» **SUPPLIED MATERIAL**
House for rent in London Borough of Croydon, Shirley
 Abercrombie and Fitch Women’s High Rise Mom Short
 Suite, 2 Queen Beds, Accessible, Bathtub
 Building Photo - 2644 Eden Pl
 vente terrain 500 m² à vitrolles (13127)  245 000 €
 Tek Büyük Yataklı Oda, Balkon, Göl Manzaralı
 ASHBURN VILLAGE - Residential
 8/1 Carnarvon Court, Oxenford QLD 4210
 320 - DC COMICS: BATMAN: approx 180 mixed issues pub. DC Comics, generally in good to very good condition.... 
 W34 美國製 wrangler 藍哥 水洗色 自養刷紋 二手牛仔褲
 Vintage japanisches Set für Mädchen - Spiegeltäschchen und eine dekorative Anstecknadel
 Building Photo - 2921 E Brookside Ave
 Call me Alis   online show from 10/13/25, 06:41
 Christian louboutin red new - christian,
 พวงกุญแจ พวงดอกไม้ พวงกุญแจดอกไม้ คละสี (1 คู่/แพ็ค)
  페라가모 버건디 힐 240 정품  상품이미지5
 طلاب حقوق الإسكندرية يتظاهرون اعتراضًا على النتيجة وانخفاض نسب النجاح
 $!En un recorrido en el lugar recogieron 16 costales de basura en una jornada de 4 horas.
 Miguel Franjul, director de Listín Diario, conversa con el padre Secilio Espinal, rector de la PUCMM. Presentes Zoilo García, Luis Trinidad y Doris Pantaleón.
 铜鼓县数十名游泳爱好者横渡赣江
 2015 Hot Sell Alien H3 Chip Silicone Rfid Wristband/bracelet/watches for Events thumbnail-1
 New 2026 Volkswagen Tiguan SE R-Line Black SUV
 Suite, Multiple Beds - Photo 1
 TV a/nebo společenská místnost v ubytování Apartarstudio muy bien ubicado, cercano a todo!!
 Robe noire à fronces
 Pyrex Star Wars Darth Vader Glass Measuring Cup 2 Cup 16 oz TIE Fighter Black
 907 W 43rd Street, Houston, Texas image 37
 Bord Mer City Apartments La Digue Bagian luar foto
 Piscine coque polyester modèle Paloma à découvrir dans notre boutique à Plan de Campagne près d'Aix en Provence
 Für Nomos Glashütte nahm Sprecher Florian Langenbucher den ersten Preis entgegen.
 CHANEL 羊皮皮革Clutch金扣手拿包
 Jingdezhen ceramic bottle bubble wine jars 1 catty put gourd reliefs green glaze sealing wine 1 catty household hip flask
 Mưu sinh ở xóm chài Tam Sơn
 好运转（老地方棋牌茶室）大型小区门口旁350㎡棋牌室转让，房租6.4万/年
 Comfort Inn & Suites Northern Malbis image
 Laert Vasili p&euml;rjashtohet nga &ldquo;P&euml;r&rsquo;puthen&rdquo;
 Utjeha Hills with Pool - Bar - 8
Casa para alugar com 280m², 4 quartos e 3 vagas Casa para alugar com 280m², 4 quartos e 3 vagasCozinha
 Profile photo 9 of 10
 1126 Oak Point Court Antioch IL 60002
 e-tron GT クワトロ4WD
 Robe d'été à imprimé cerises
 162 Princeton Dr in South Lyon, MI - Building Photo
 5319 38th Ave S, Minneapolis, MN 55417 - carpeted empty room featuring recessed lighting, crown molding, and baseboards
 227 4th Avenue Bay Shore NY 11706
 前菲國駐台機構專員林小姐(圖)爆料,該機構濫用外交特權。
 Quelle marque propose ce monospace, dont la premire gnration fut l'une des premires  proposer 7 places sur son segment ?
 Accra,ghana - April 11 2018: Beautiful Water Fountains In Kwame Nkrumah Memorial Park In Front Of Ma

» **WHAT YOU NEED TO DO**
Only the lines containing the word "Court" should be returned from the data above.

» **EXERCISE SOLUTION**
 8/1 Carnarvon Court, Oxenford QLD 4210
 1126 Oak Point Court Antioch IL 60002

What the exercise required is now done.